## Entries shown
=== Begin Enclosure ===

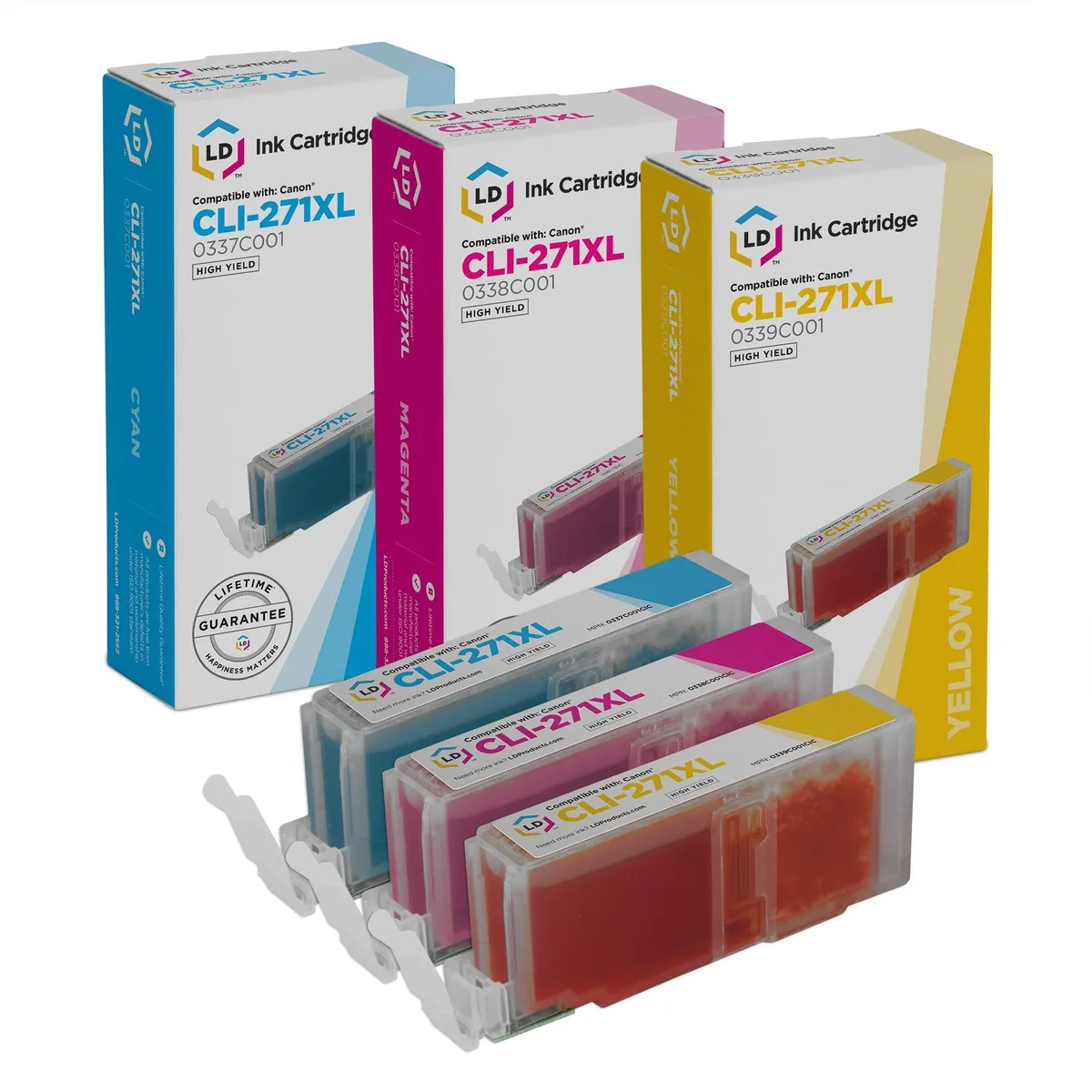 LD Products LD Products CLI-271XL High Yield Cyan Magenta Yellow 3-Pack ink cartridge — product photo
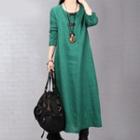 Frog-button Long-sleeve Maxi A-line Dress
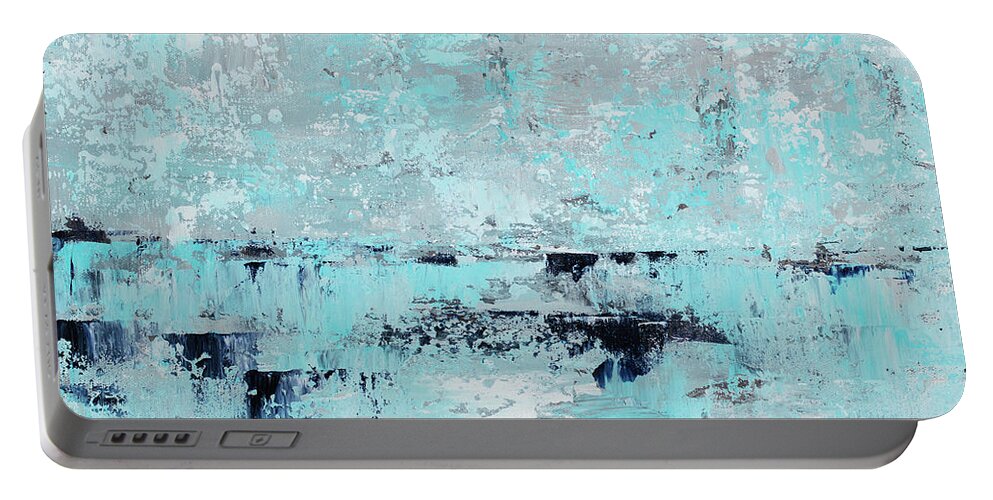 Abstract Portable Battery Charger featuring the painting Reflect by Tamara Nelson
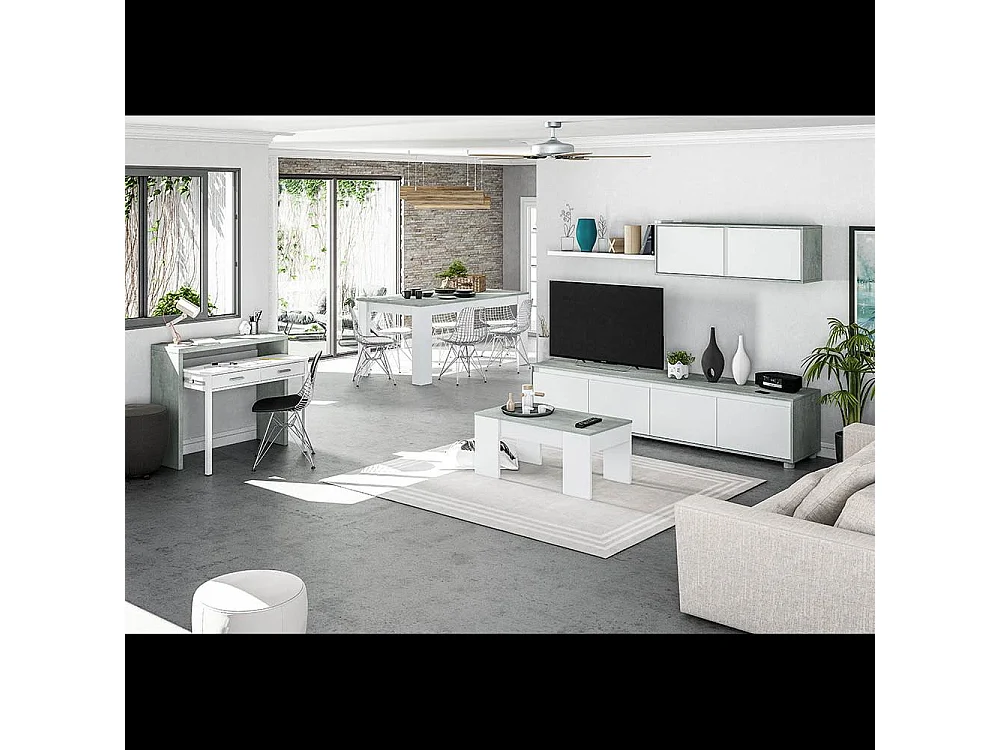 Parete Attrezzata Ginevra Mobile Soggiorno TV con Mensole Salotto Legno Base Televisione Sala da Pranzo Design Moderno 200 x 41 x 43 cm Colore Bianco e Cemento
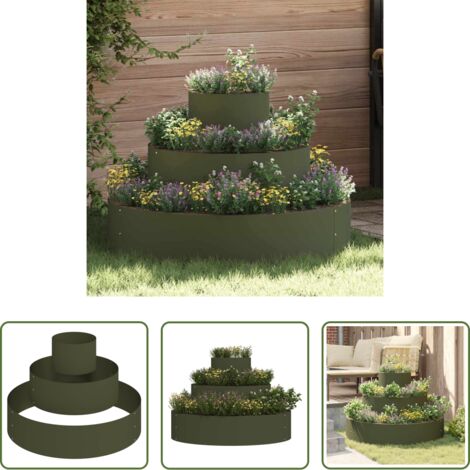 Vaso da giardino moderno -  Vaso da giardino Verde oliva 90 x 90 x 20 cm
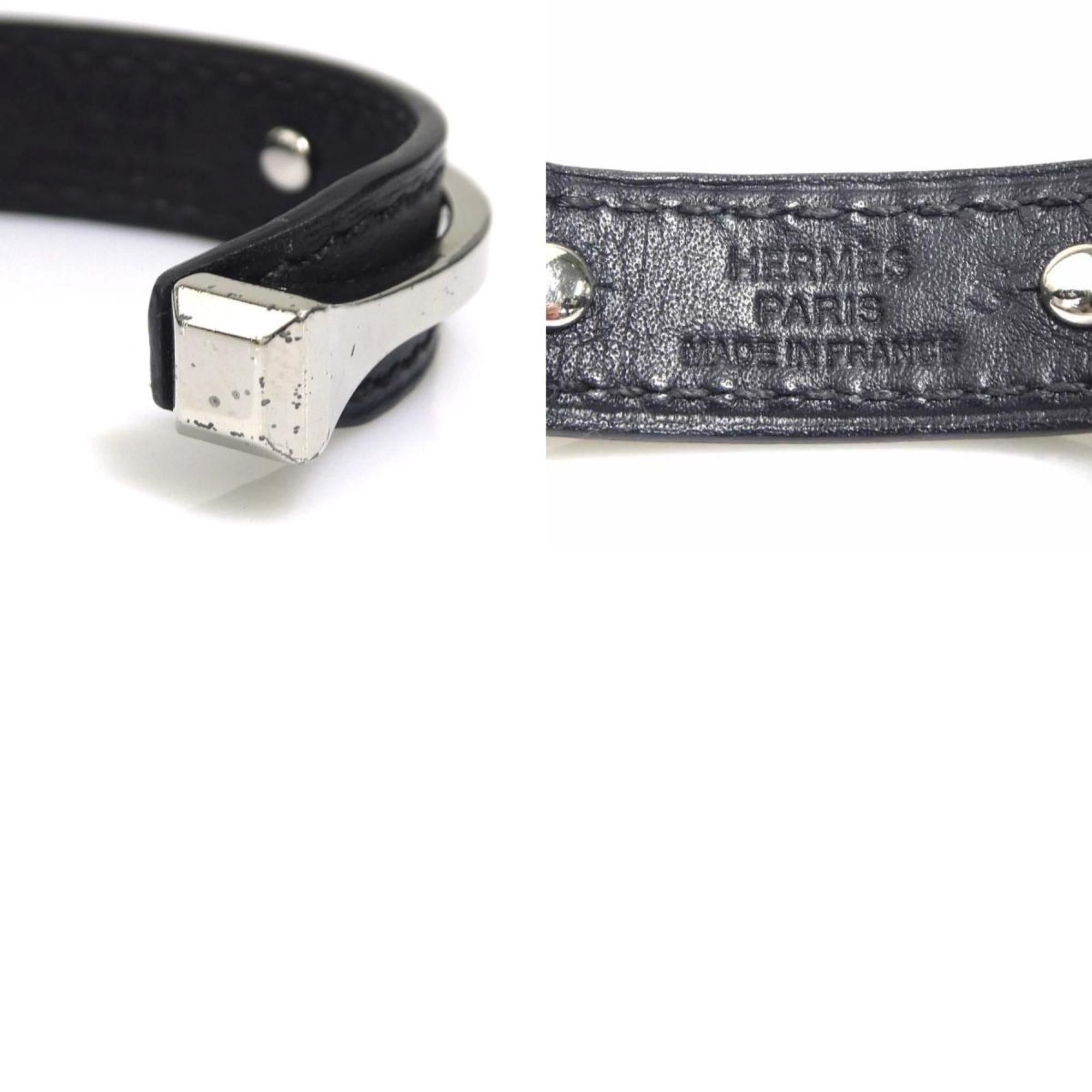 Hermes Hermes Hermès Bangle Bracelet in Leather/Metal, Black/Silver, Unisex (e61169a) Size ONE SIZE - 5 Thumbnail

=== End Enclosure ===

## Your task
Write out again, exactly, each line from the one with "Vaso da giardino moderno" to the end of the entries. No pictures go in.

## Result below
 Vaso da giardino moderno -  Vaso da giardino Verde oliva 90 x 90 x 20 cm
 Hermes Hermes Hermès Bangle Bracelet in Leather/Metal, Black/Silver, Unisex (e61169a) Size ONE SIZE - 5 Thumbnail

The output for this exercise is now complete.